高水準一体化が直面している課題を見ると、アジア一体化の建設は苦しい事業であり、かつ多くの現実的な問題を抱えている。まず、地域の経済影響力が日増しに拡大しているが、アジアの外交には統一的な地域の声がなく、紛争や問題が生じると外交で論戦を展開することが多い。戦略的には各国の利益に同時に配慮する統一的な計画がなく、一部のプランは他国に利益をもたらしておらず、一部の理念には競争やけん制の発想が満ち溢れている。次に、制度設計には経済・貿易を重視し外交を軽視し、国を重視し地域を軽視し、ビジネスを重視し文化を軽視するといった短絡的な考えが存在している。一部の政治連携は、経済成長や競争力強化のために行われている。それから、外交・主権・文化をめぐり国家主義と多様性を過度に求めるアジアの遺伝子は、高度一体化が必要とする地域経済・文化・政治の統合と排斥し合っている。アジア経済が日増しに活発化するが外交・戦略調整が難しくなり、人文交流が拡大を続けるが文化の意思疎通が一体化をめぐる協力に効果的に反映されないという、一種の乖離現象が生じている。
特色あふれる一体化の手段の模索について、アジア一体化の建設は多くのチャンスを迎えており、高水準の一体化の手段に積極的な変化が生じている。まず、外交・戦略面で「大アジア」という理念を確立し、国益を極力確保しながらアジアの声を伝えるよう心を一つにして協力し、アジアの主張を届ける必要がある。中国が2014年に打ち出したアジア安全観、今年5月に開催された中日韓首脳会議は良き試みだ。

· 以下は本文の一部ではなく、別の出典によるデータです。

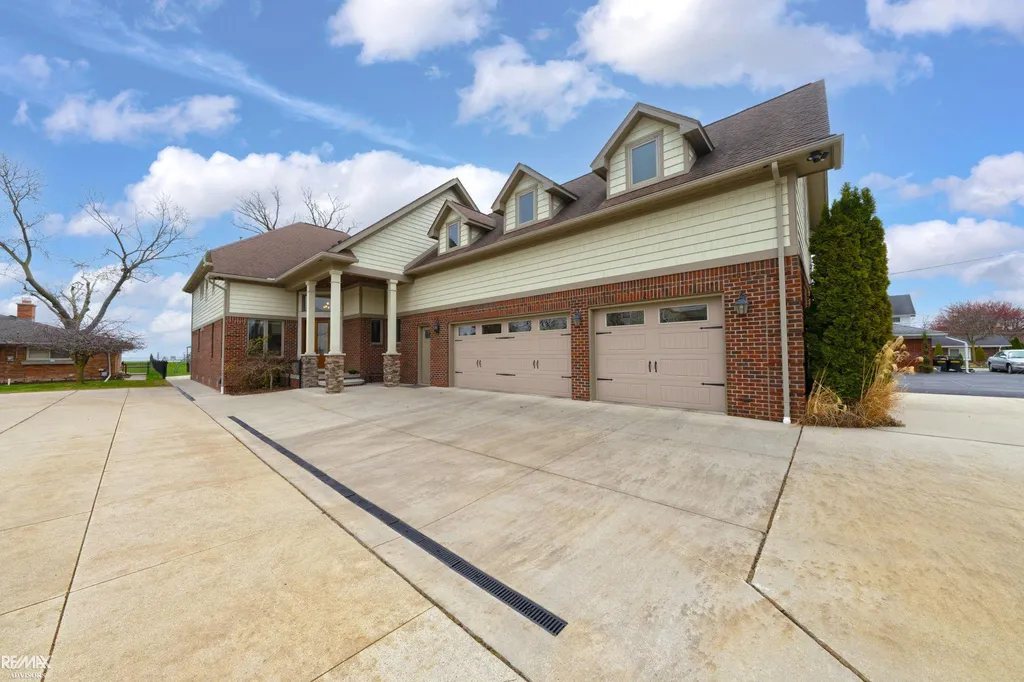 26918 Koerber Street St. Clair Shores City MI 48081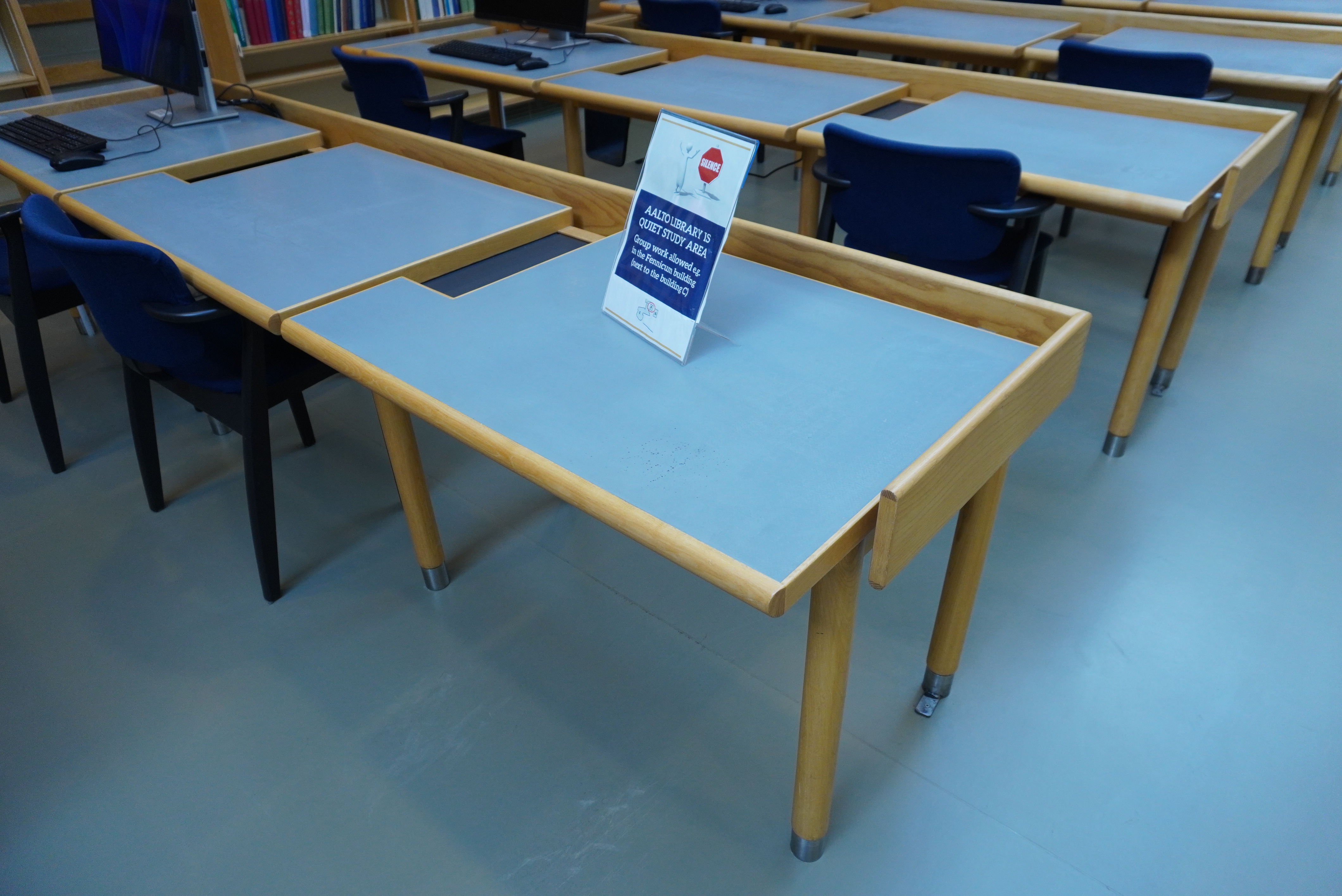 ユバスキュラ大学 図書館のデスク1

次に、理念面でアジア運命共同体の意識と共通認識を打ち立てる。大陸を跨ぐ一体化の着実な進行は、共に認める理念を基礎としなければならない。アジア運命共同体のビジョンは各国の発展の需要に合致し、アジアの地域協力が運命共同体の理念に基づかなければならない。経済共同体や運命共同体へのモデルチェンジが避けられない勢いだ。それから、アジアの帰属感と一体化の認識を形成する。アジアに目を向けると、地域の駆け引きが弱まり、対話に大きな好転が見られる。客観的・理性的・包括的を基礎とする帰属感と価値観の成長空間が拡大しており、共通する文明の意識をけん引力とし多様化する文化を基礎とする、一体化の文化的な意識の歩み寄りが実現に向かっている。
未来のアジアはEUを超越する高度一体化モデルを実現し、北米自由貿易協定を超越するアジアのモデルを創り出すことができるだろうか。答えは「イエス」であり、これは時間の問題に過ぎない。しかしこの答えは、慎重に導き出されたものだ。これは一体化が進むアジアが依然として、二国間・多国間、地域内・域外の多くの不利な要素に直面しているからだ。一部の問題と課題は短期間内に解消できず、知恵・勇気・責任を持ち取り組む必要がある。とは言え、地域協力の大きな流れが形成されれば、それを止められる者はない。